• [WORK TO BE COMPLETED]: In the entries below, how many lines include "home"? Reply with the number and nothing more.

[Web page caption snippets]
━━━
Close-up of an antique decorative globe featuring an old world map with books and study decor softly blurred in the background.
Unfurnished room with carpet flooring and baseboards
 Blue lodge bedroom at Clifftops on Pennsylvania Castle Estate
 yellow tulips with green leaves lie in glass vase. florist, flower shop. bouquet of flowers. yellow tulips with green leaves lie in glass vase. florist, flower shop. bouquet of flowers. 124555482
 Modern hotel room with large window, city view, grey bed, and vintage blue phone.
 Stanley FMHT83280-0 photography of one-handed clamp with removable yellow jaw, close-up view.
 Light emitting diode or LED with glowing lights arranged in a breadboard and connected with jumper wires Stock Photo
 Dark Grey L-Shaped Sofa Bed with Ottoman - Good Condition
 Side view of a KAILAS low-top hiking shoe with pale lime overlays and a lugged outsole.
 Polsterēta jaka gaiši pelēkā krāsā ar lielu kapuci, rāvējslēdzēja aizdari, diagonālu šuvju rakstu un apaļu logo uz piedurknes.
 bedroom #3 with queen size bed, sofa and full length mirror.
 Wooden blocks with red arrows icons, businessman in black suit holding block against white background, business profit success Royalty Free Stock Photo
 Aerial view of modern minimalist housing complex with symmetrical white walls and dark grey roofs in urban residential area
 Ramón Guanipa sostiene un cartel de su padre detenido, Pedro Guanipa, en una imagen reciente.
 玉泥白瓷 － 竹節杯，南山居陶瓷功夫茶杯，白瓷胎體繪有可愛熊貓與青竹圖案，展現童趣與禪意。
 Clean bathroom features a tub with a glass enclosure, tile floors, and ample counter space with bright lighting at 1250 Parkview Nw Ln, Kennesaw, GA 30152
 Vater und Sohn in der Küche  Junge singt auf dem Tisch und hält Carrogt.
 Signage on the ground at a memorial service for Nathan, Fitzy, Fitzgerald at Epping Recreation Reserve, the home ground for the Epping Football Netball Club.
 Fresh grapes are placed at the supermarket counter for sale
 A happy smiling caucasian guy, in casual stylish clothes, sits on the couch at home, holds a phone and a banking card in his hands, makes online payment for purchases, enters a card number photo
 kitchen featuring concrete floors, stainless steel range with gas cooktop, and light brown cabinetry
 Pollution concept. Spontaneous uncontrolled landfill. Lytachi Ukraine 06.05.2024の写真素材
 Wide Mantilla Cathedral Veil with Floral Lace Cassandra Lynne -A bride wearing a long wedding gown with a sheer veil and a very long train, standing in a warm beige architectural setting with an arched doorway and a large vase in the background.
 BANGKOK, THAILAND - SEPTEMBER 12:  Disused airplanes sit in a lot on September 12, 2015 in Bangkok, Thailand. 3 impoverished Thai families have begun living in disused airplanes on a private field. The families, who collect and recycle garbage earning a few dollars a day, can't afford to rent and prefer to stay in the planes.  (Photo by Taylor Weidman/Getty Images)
━━━
• [EXERCISE RESPONSE]: 2